Nils Zahn is the name of the well-built German holding Laurelin’s hand. Do you see the muscle on him? All that bulk is itching to move. And, soonish after this photo, he did move … a whole lot of soil, to dig out nice, soft beds for his tree nursery. I should say that the tree nursery is not just his; but he is the most caring tree nurse their tree seeds and seedlings could ever wish for.
The tree nursery was the first project in which I was drafted the day after Marilisa and I arrived in the middle of the Portugese dream of the two hobbits on the photo and that other hobbit. As you can see, it was the start of a sunny day, and my dusty IT bones—cold from the Dutch autumn—would soon be warmed by the sun.
To me, the whole concept of a ‘tree nursery’ was foreign. Sure, I understood that, like any other seed, you can put tree seeds in the ground, and, yes, I would grant you that they might grow a bit faster with some more nutrients. They might then even benefit from some protection against predation. But, that’s it. That’s about as much thought as I ever gave it. “Nursing trees”? Whatever.

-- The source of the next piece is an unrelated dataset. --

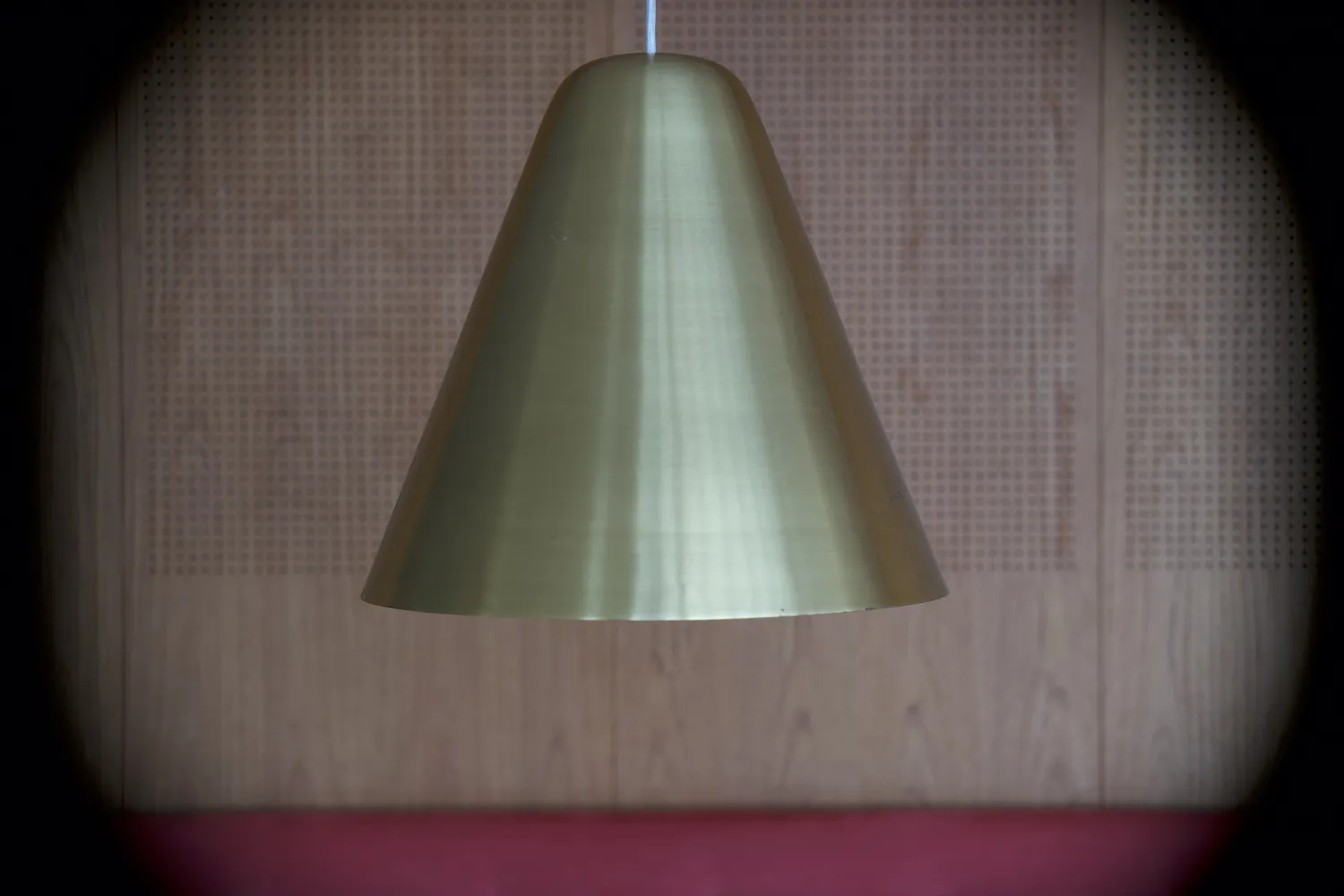 Lampada a sospensione conica in ottone davanti a parete in legno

But, they—especially Nils—had gone a bit farther than stuffing some seeds in the ground. There was a plan, and it was evolving—changing to meet a constant stream of new information and insights. Insights abound: from permaculture gurus on the Internet to his old mother-out-law.

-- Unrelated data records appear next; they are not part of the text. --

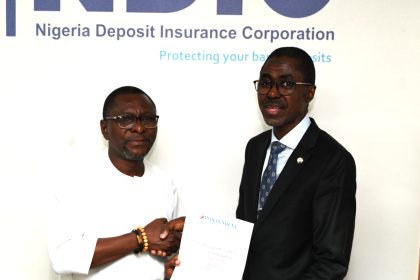 MD/CEO, Nigeria Deposit Insurance Corporation (NDIC), Bello Hassan receiving the formal Letter of Nomination of the Corporation as Daily Independent Regulatory Agency of the Year 2024 Award from the Managing Director/Editor-in-Chief, Daily Independent, Omanufeme Steve at the NDIC Head Office, Abuja.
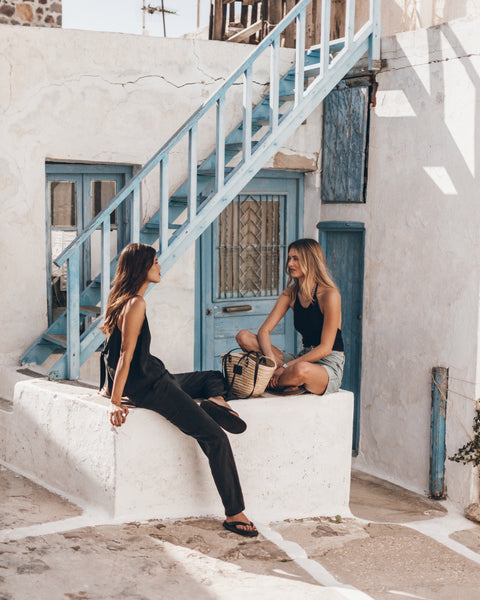 Two women sitting on a white ledge in a sunlit outdoor setting, with a straw bag between them.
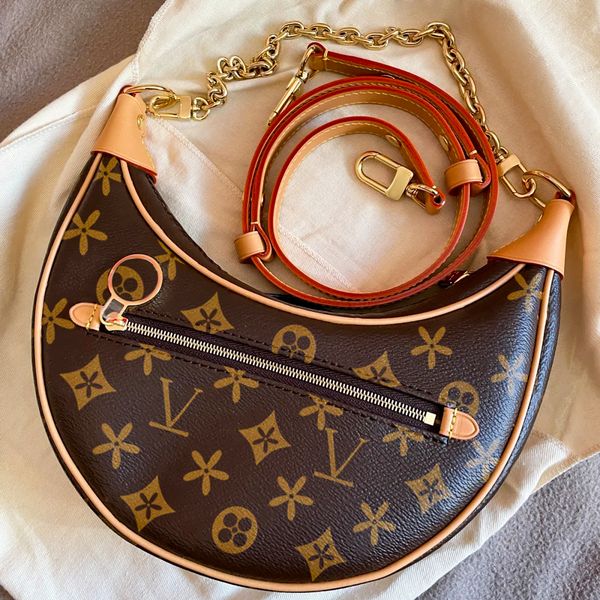 m81098 half moon croissants clutch loop bag luxury pochette designer women's mens purse and handbag sling bag genuine leather shoulder
m81098 half moon croissants clutch loop bag luxury pochette designer women's mens purse and handbag sling bag genuine leather shoulder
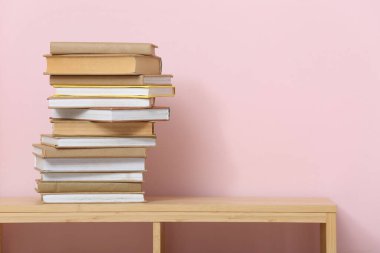 Renk duvarının yanındaki ahşap raf ünitesinde yığınla farklı kitap var.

Akiva Silver’s Twisted Tree Farm served as Nils his prime inspiration. Akiva Silver was introduced on the Permaculture Voice podcast #063 in 2014, as a tree nurse who managed to grow thousands of tree on his then 0.5 acre farm (). In 2016, when the farm had expanded to ten thousand trees on hardly more than that same 0.5 acre, Silver was interviewed again for #127 of the podcast ().
Peculiar about Silver’s nursing method is that, after the trees germinate in very dense seeds beds, he keeps the saplings there until they’re tall enough to sell, which is usually in as little as a year. This prospect resonated deeply with Nils, at a time when every cell in his German body was already itching to invade the Eucalyptus-invested hills around Ponte de Pedra, supported by an army of homegrown, superior tree species.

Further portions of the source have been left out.